Firstly, an unconvicted person was making an involuntary appearance, chained to a man in uniform, in full public view on the streets of an Irish town. It was redolent of the notorious ‘perp walk’ of the American justice system. Even a saint would look guilty, shackled and dragged across the street like that.
Secondly, the person calling the defendant a “scumbag” was a potential member of the jury, who had based his verdict on a mere glimpse of a man on the street below. We had heard no charges and not a word of evidence against him. None of us even knew what he was alleged to have done.
Another would-be juror joined in the condemnation: “Wouldn’t it be grand if that van hit the two of them? B’dum, b’dum. Save us all a job.” A moment ago we had heard the verdict, and now m’learned friend was announcing the sentence: capital punishment. And not just for the ‘guilty’ person, but for his captor too.
I protested that the man in question might well be a fine fellow, and that we should regard him as innocent until proven otherwise. Another prospective juror gave us his opinion: “No. I know him and he is a scumbag.” So that settled it, then. The man was guilty and deserving of severe punishment.

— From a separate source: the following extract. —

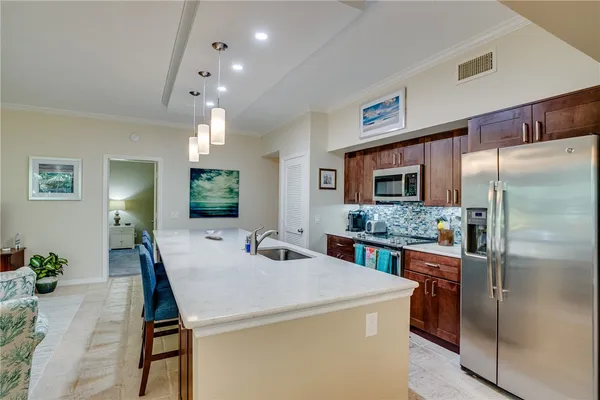 a kitchen with a stove a refrigerator and a dining table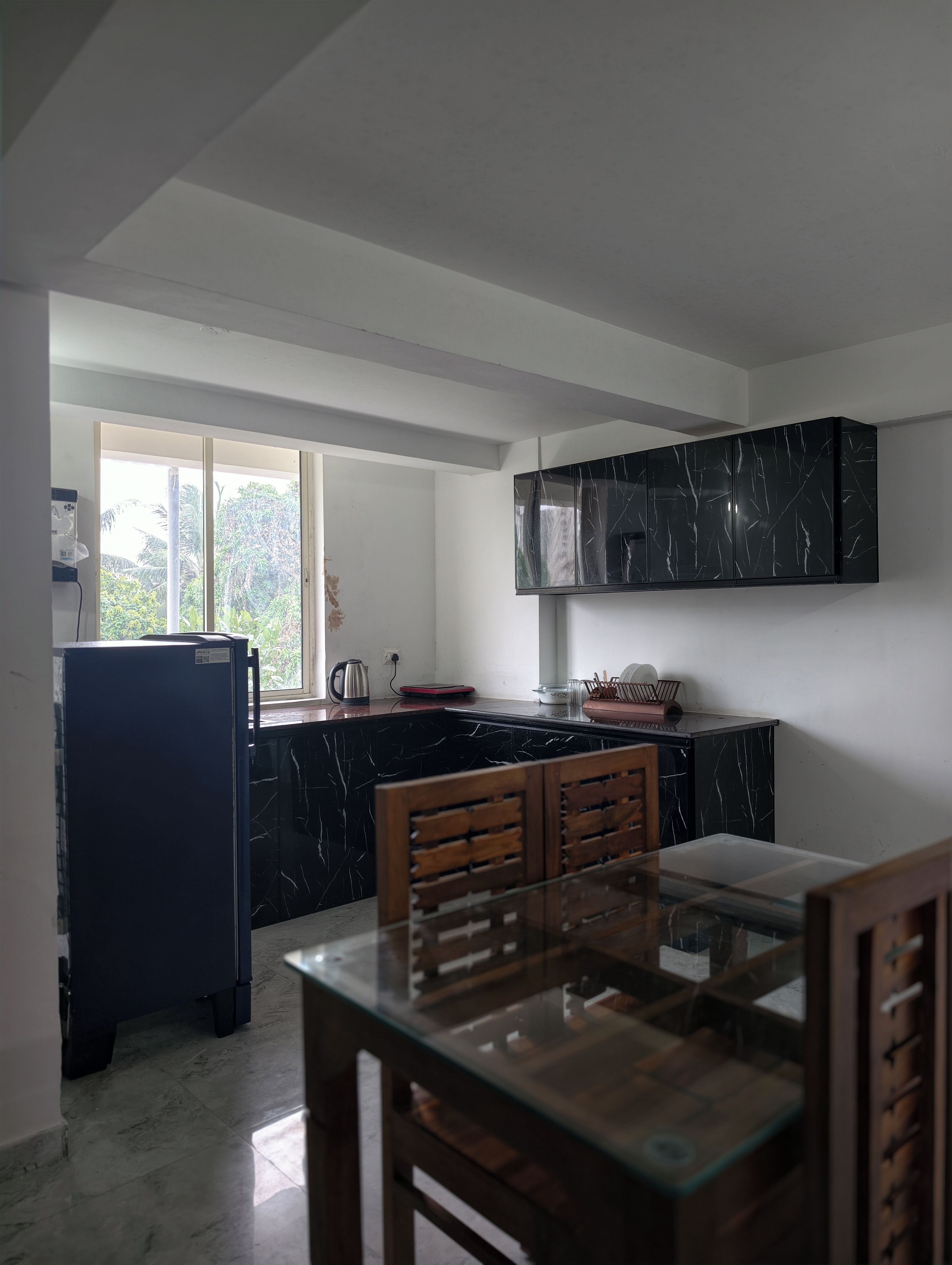 A kitchen with a black marble countertop, a refrigerator, and a wooden dining table.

If this was just banter in a pub, it might be harmless enough. But we were in a courthouse to perform a civic duty enshrined in the Irish constitution: to give a verdict on the guilt or innocence of a fellow human being. We were about to form a jury.

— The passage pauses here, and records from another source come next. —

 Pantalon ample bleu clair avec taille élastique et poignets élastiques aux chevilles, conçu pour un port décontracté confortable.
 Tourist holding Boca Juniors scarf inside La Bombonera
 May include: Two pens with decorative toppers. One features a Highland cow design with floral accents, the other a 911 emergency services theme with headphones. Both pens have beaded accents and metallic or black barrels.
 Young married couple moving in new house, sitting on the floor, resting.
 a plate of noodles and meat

Next, the slips were put into a box for the ballot. As the names were called, it became clear that fewer than half of the jurors summonsed had bothered to turn up. One wag said, “If you’re not in, you can’t win”. I wasn’t picked in the raffle for jury places. But the man who had called the defendant a scumbag and the one who had suggested the death penalty were chosen. With no objection from either the defence or the prosecution, my two new acquaintances were sworn in and empanelled in the jury.
Now, I suppose that by the law of averages, a random selection from the general public will contain one or two characters you would not like to be in control of your fate. Shakespeare recognised this long ago: ‘The jury, passing on the prisoner’s life, may in the sworn twelve have a thief or two, guiltier than him they try.’
That is bad enough, but to prejudice such a jury before the trial has even started – by showing the prisoner in a bad light, through public humiliation – is intolerable. We might as well hang a sign around his neck saying ‘Criminal’. After his public captivity, followed by a trial with dodgy jurors, the prisoner in Shakespeare’s play was found guilty.
I don’t know what happened to the accused in the real-life case, but I hope that all the jurors based their verdict on the evidence presented, and not on any snap decisions taken beforehand. By sheer misfortune, any of us could mistakenly end up as the accused in court. We are all entitled to a fair trial before a jury of unprejudiced citizens. But I wouldn’t bet on it.